Today is a great day. Today is the first day I've been able to complete a grip workout without experiencing excruciating pain in my left wrist. Over the course of the last month I've been down for the count with an F-ed up wrist. I have no idea what was causing the pain, all I knew was that it hurt...BAD. A HUGE thanks to Jedd Johnson and all the great guys on the Gripboard who coached me through some rehab movements and motivated me to rest. It's amazing one needs motivation to rest. I tried several times to ease back into training when I felt the pain was nearly gone. Bad idea...the pain came back immediately. Until today.
Today is also the first time I spoke to John Eaton. If you don't know who he is, browse through the Diesel Crew video library and/or Jedd's blog. He's the guy who invented 'Couch Potato Training for SICK GRIP'! He's a natural freak, especially in the wrist and pinch departments. We spoke on the phone today for over an hour and I hope to get together with him and a few gripsters over the holiday back in PA/NY. I got off the phone with Eaton feeling inspired to give the grippers a go, so I ducked out of work a bit early and came home for an easy workout. It was tough...the month off really dropped my strength, but no pain baby! I'm pumped!
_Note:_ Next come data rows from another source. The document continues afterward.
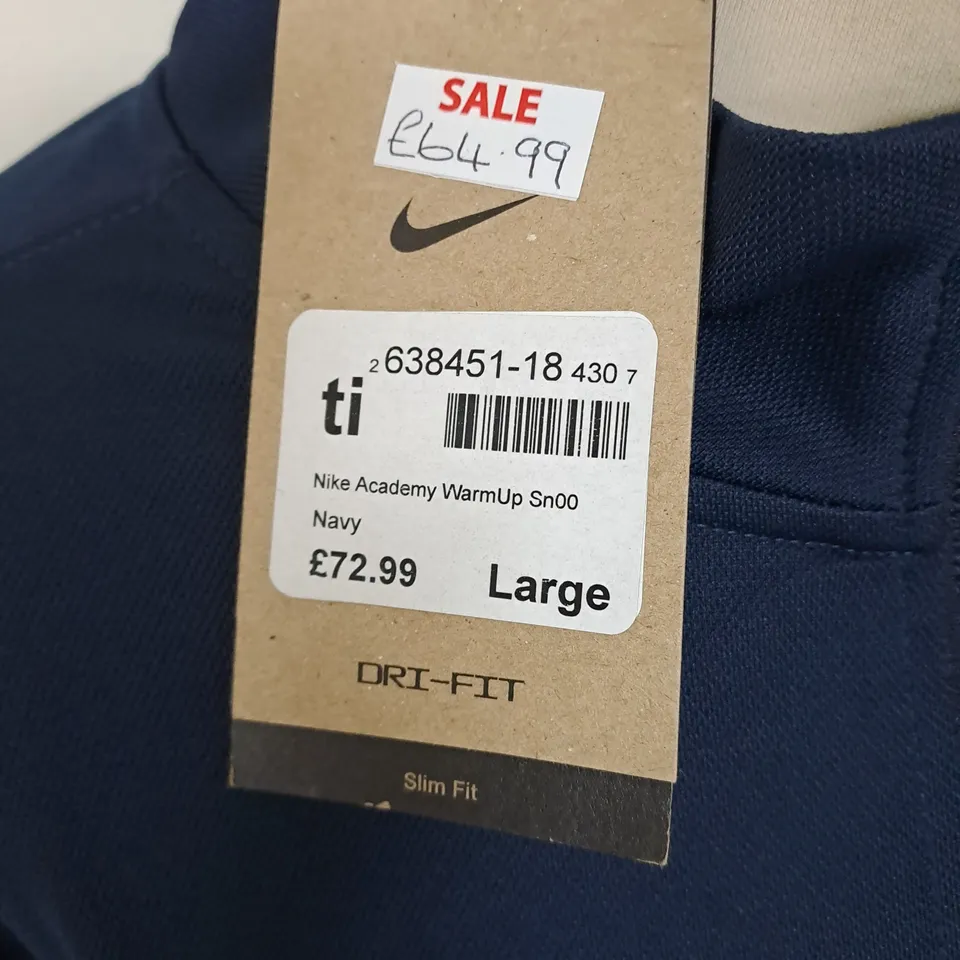 NIKE ACADEMY WARMUP TRACKSUIT TOP SIZE L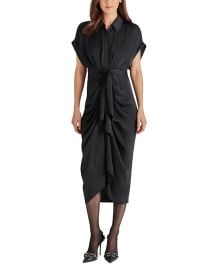 Steve Madden Womens Tori Tie-Front Midi Shirtdress - Macys at Macys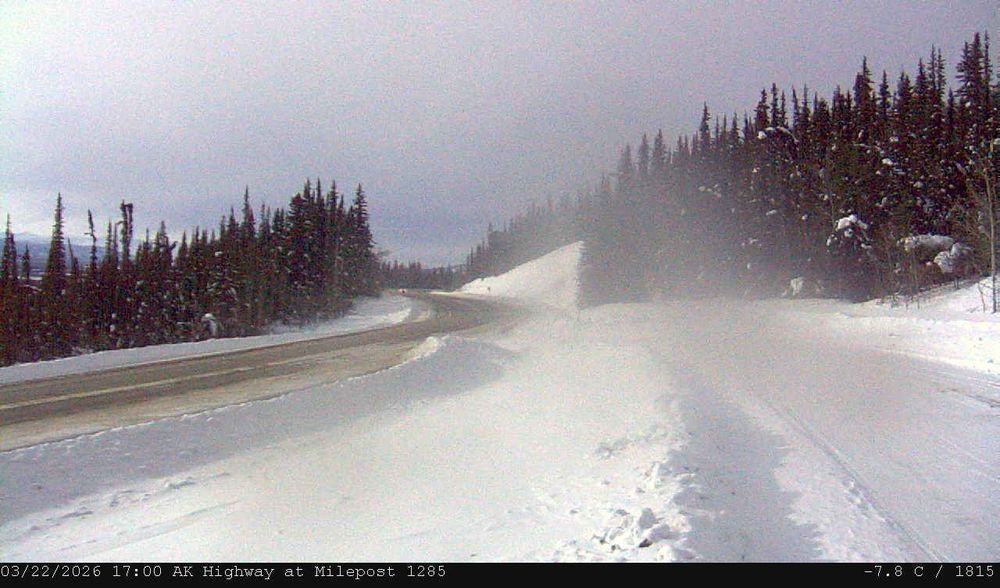 Alaska Highway MP 1285 live webcam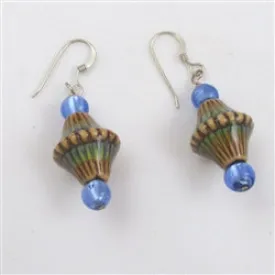 Mood Twilight Blue Mirage Bead Earrings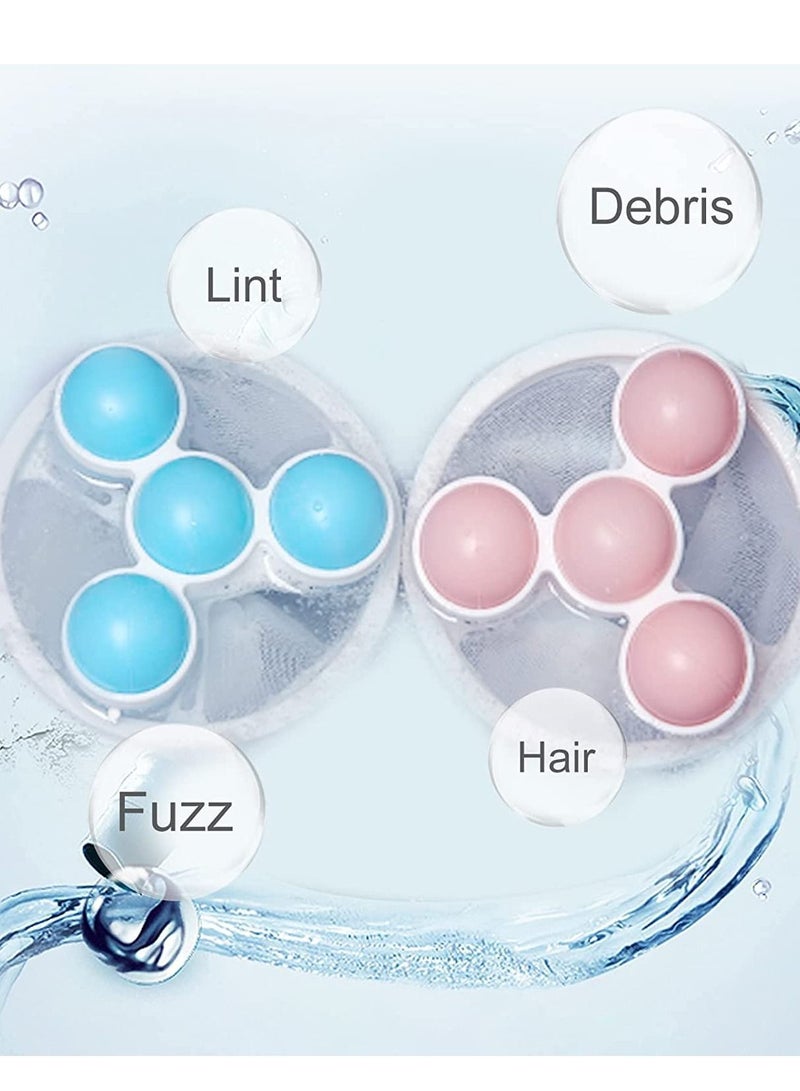 Y&D Pet Hair Remover Reusable Lint Catcher Washing Machine Filter Cleaning Mesh Bag Floating for Laundry Durable 4 Pack - Image 5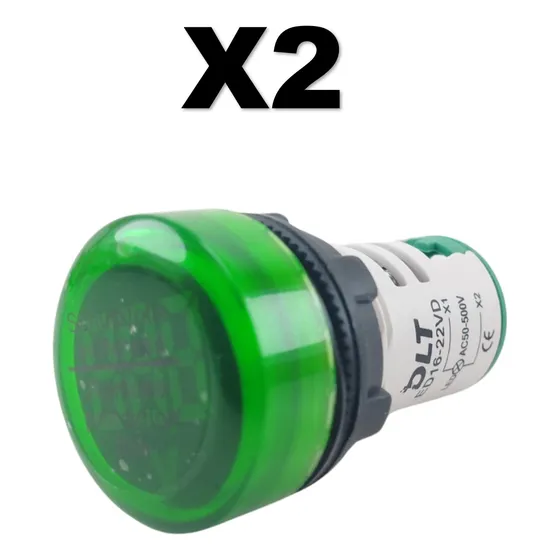 Indicador De Voltaje De 22 Mm Voltimetro Piloto Bombillo 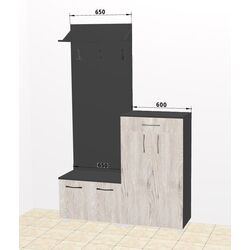 Antreu Ambianta Bruno 1.25m (Grafit/Samoa Alb) Thumb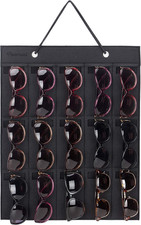 Sunglasses Storage Organizer, Wall Pocket Mounted by Sunglasses, Hanging Eyeglas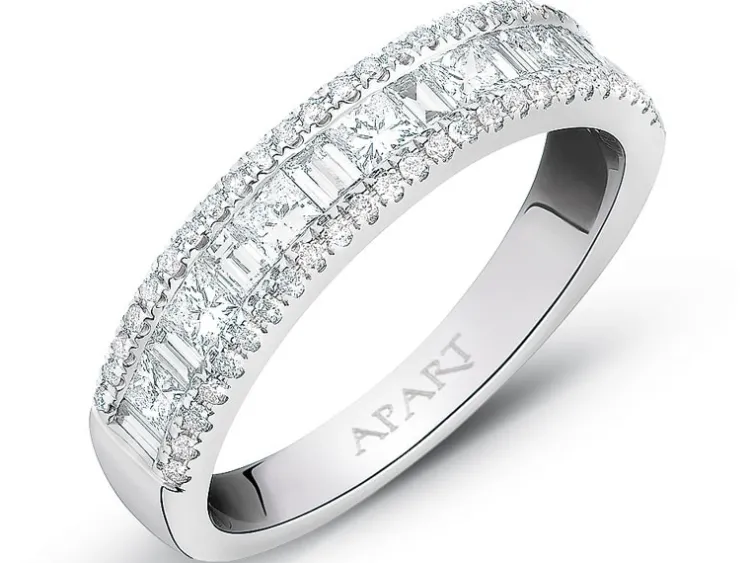 Sale Apart Pierścionek z białego złota z diamentami - 0,72 ct - próba 585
Here's how it went...
Warm-Up (L/R)
-Easy extensor band X 50
-Med. extensor band X 50
-Hard extensor band X 50
-Soft stress ball X 30
-Soft stress ball X 20
Grippers
LH:
-Filed HG150 X 20 MMS
-CoC #2 X 2 OC (15 sec./8 sec.)
-HG300N X 3 FR
-CoC#3 X 1 FR
-Filed HG150 X 10 MMS
RH:
-Filed HG150 X 25 MMS
-CoC#2 X 2 OC (15 sec./12 sec.)
-HG300N X 2 OC (15 sec./12 sec.)
-CoC#3 X 1 FR
-Filed HG150 X 10 MMS
NOTES: My hands feel weak, but that's to be expected, I'm really hoping muscle memory will kick in here in the coming workouts. All-in-all, it feels good to crush a gripper again...even if it's only a #2!